**DATA**:
Start of Block

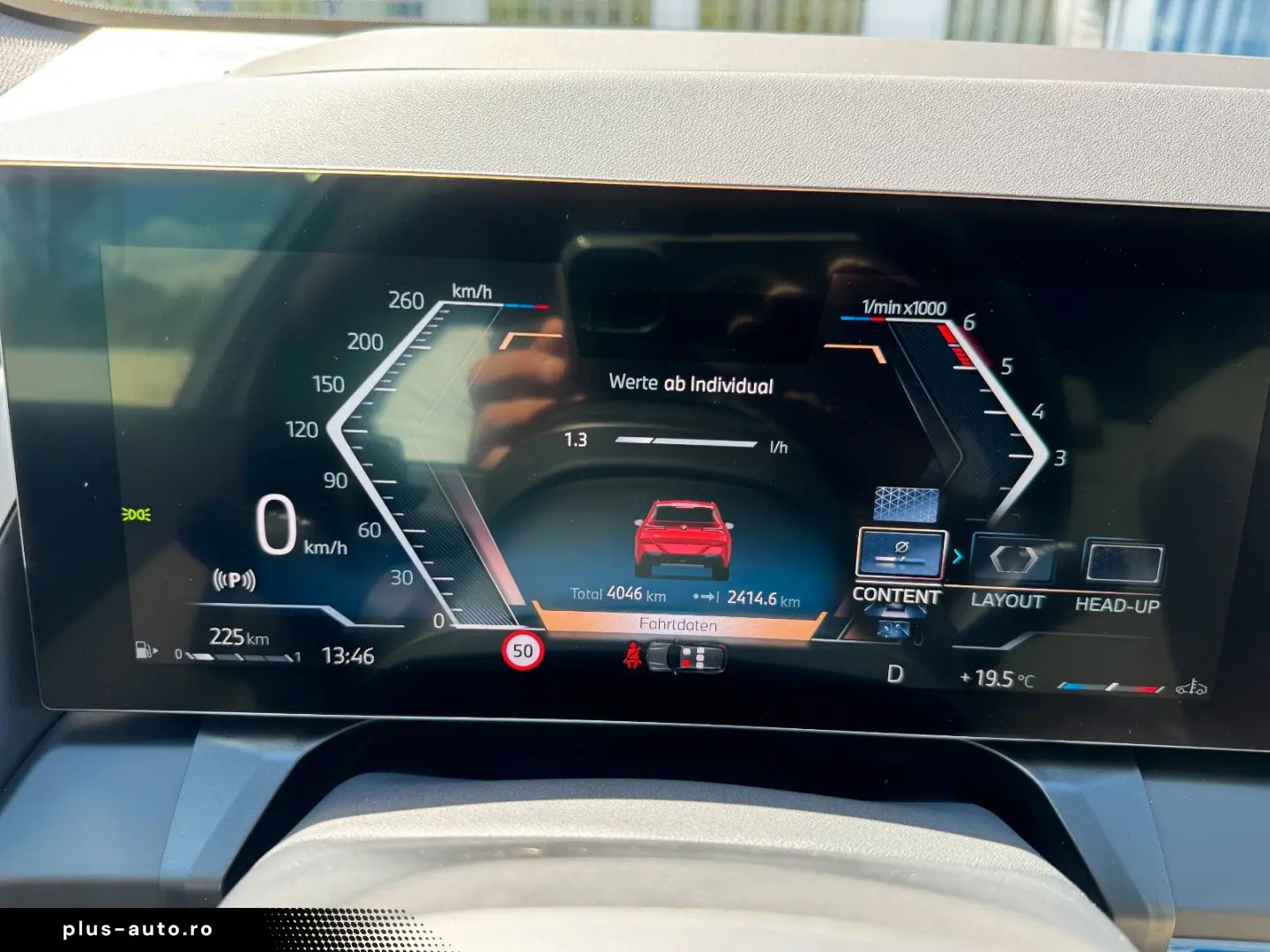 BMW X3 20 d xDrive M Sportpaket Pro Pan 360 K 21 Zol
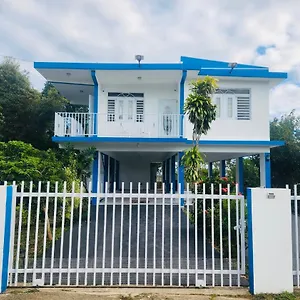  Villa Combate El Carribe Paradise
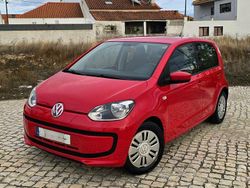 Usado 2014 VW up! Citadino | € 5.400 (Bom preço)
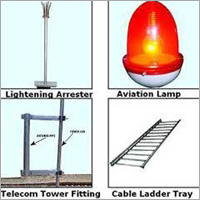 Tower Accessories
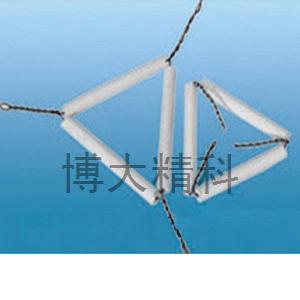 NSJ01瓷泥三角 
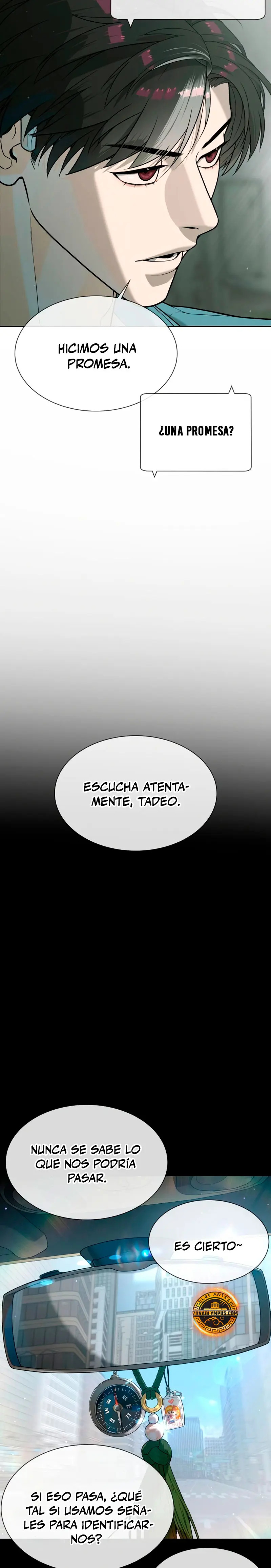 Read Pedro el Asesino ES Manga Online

End of Block
Start of Block

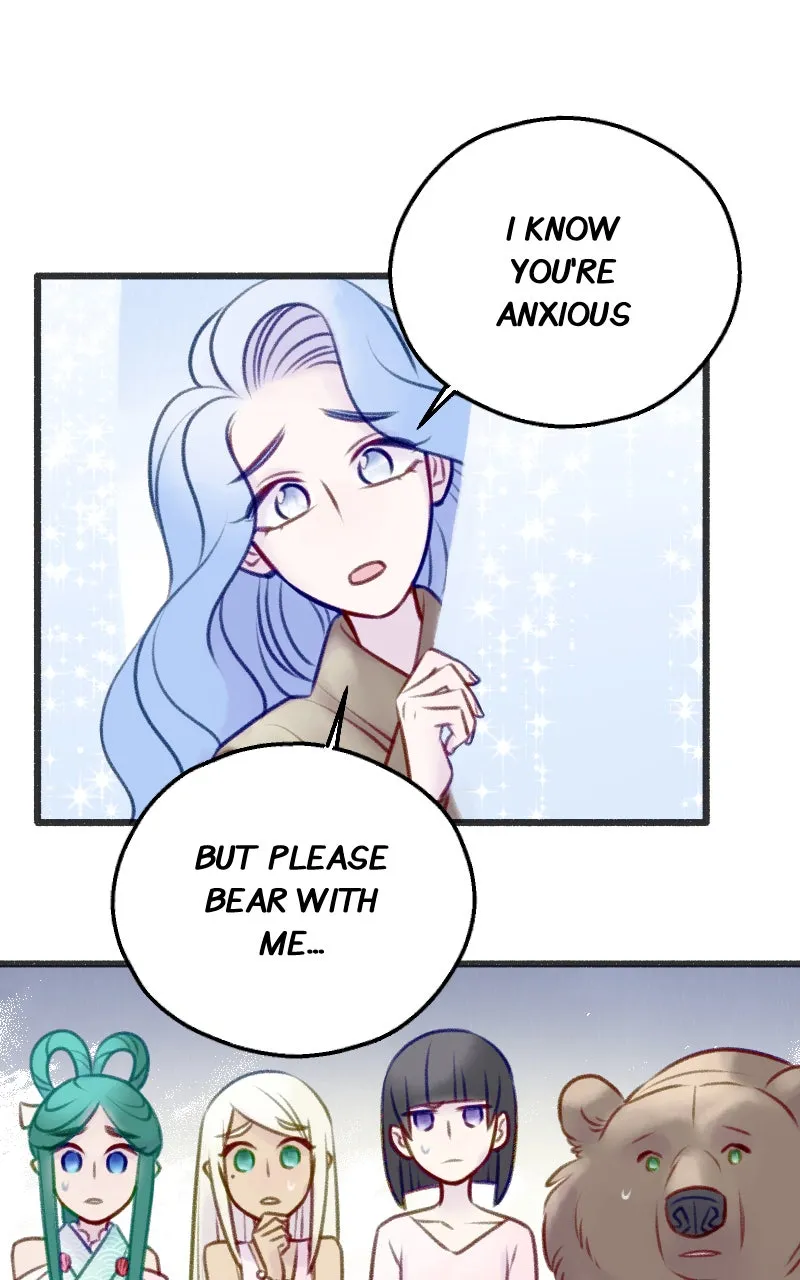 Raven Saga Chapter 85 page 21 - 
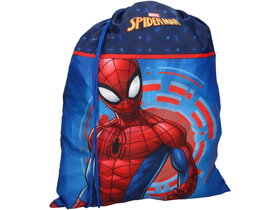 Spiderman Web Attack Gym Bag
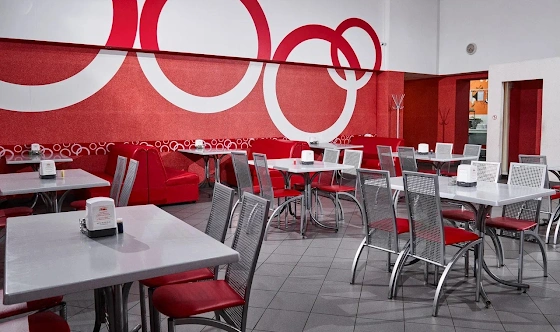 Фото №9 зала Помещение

End of Block

Quote the data above exactly from the line with "BMW X3 20 d" to the line with "Read Pedro el Asesino ES Manga Online", both ends counted, and nothing else. Pictures don't go in.

 BMW X3 20 d xDrive M Sportpaket Pro Pan 360 K 21 Zol
  Villa Combate El Carribe Paradise
 Usado 2014 VW up! Citadino | € 5.400 (Bom preço)
 Tower Accessories
 NSJ01瓷泥三角 
 Read Pedro el Asesino ES Manga Online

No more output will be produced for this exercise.